**Activity**
Please print, exactly, only the lines in the entries below from the line that has "Carnaval Ring Toss" through the line that has "WORLDNEX 400 TC". Pictures don't go in.

**Source records**
+ + +
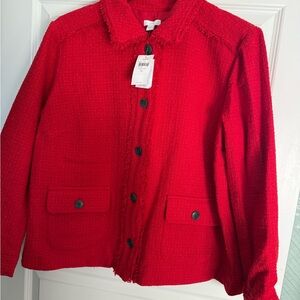 J. Jill Vibrant Red Textured Blazer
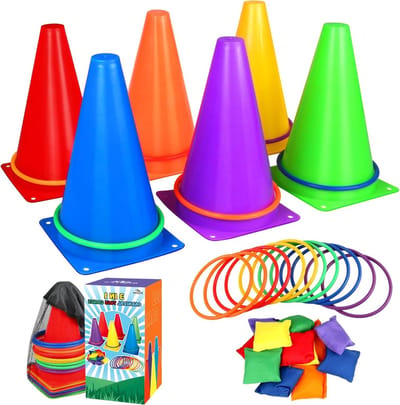 Carnaval Ring Toss Spelset voor Kinderen - 30 Stuks Buiten Spellen met Plastic Cones en Bean Bags voor Feestjes en Activiteiten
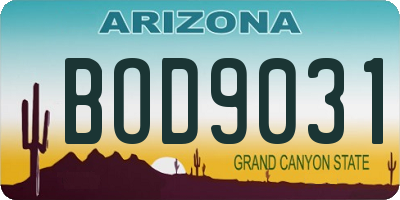 AZ license plate BOD9031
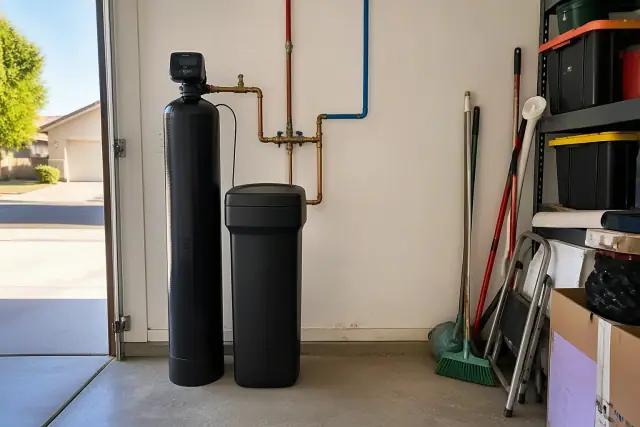 Water softener system with PEX plumbing installed in a residential garage in Mesa, AZ.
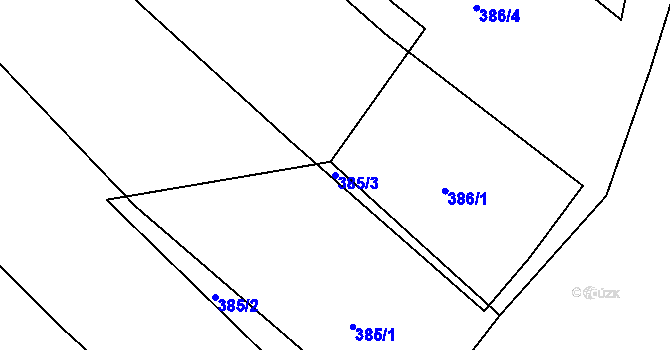 Parcela st. 385/3 v KÚ Háje u Příbramě, Katastrální mapa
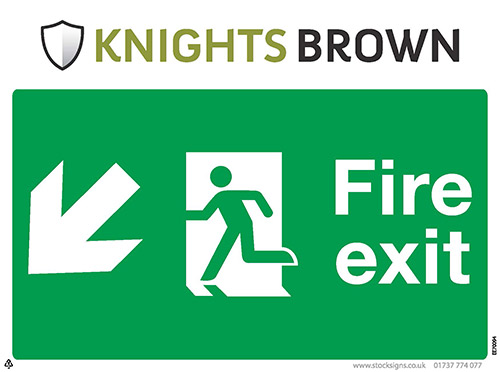 Fire Exit Directional Sign (Diagonal Arrows)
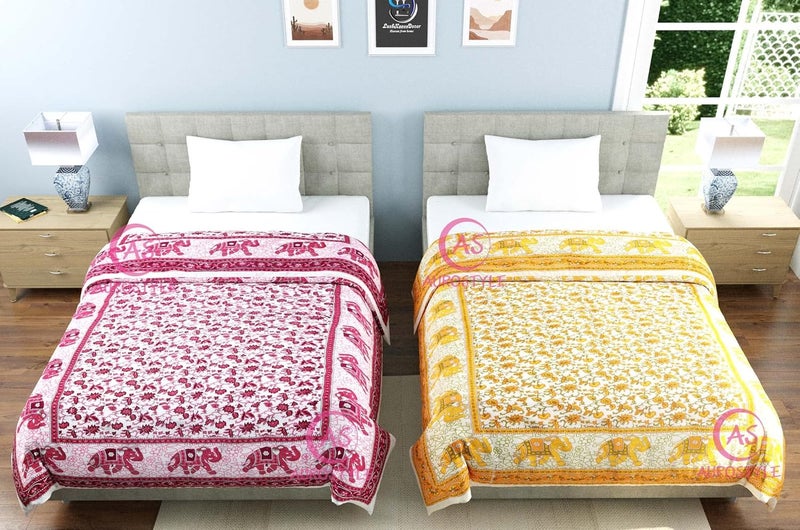 WORLDNEX 400 TC Pure Cotton Jaipuri Design Printed Light Weight Traditional Rajasthani Print Single Bed QuiltRazaiRajai Design 6 Single Bed Set of 2 Combo Set - Image 4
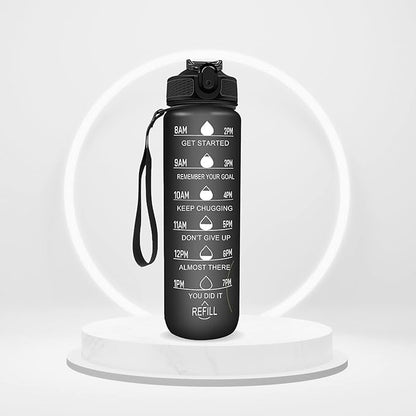 Leakproof Water Bottle with Straw & Lid - 32oz Motivational BPA Free Water Bottle with Time Markings & Straw Lid for Sports & Outdoors - Ensure Hydration with Leakproof Bottle and Straw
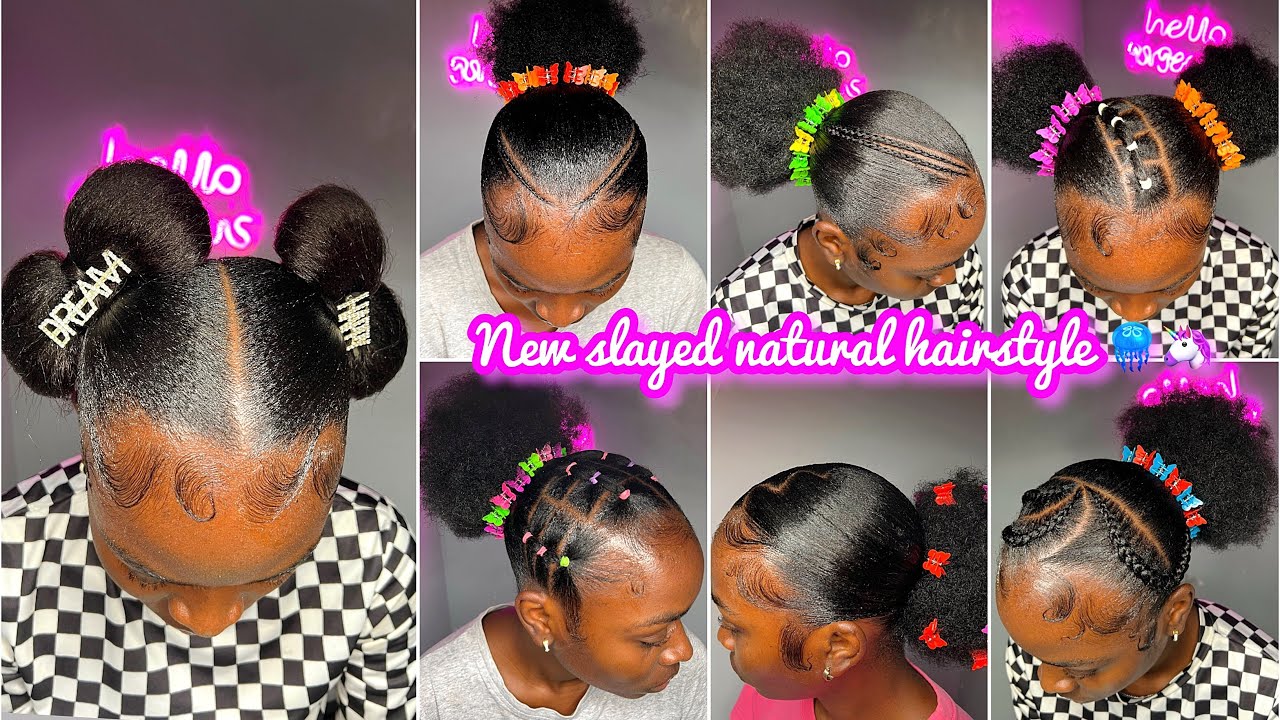 🎀🫧💕𝐂𝐮𝐭𝐞 𝐚𝐧𝐝 𝐄𝐚𝐬𝐲 NATURAL 𝐡𝐚𝐢𝐫𝐬𝐭𝐲𝐥𝐞𝐬 | slayed Pinterest hairstyles + slayed edges 🎀🫧🌸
+ + +
**Solved exercise**
 Carnaval Ring Toss Spelset voor Kinderen - 30 Stuks Buiten Spellen met Plastic Cones en Bean Bags voor Feestjes en Activiteiten
 AZ license plate BOD9031
 Water softener system with PEX plumbing installed in a residential garage in Mesa, AZ.
 Parcela st. 385/3 v KÚ Háje u Příbramě, Katastrální mapa
 Fire Exit Directional Sign (Diagonal Arrows)
 WORLDNEX 400 TC Pure Cotton Jaipuri Design Printed Light Weight Traditional Rajasthani Print Single Bed QuiltRazaiRajai Design 6 Single Bed Set of 2 Combo Set - Image 4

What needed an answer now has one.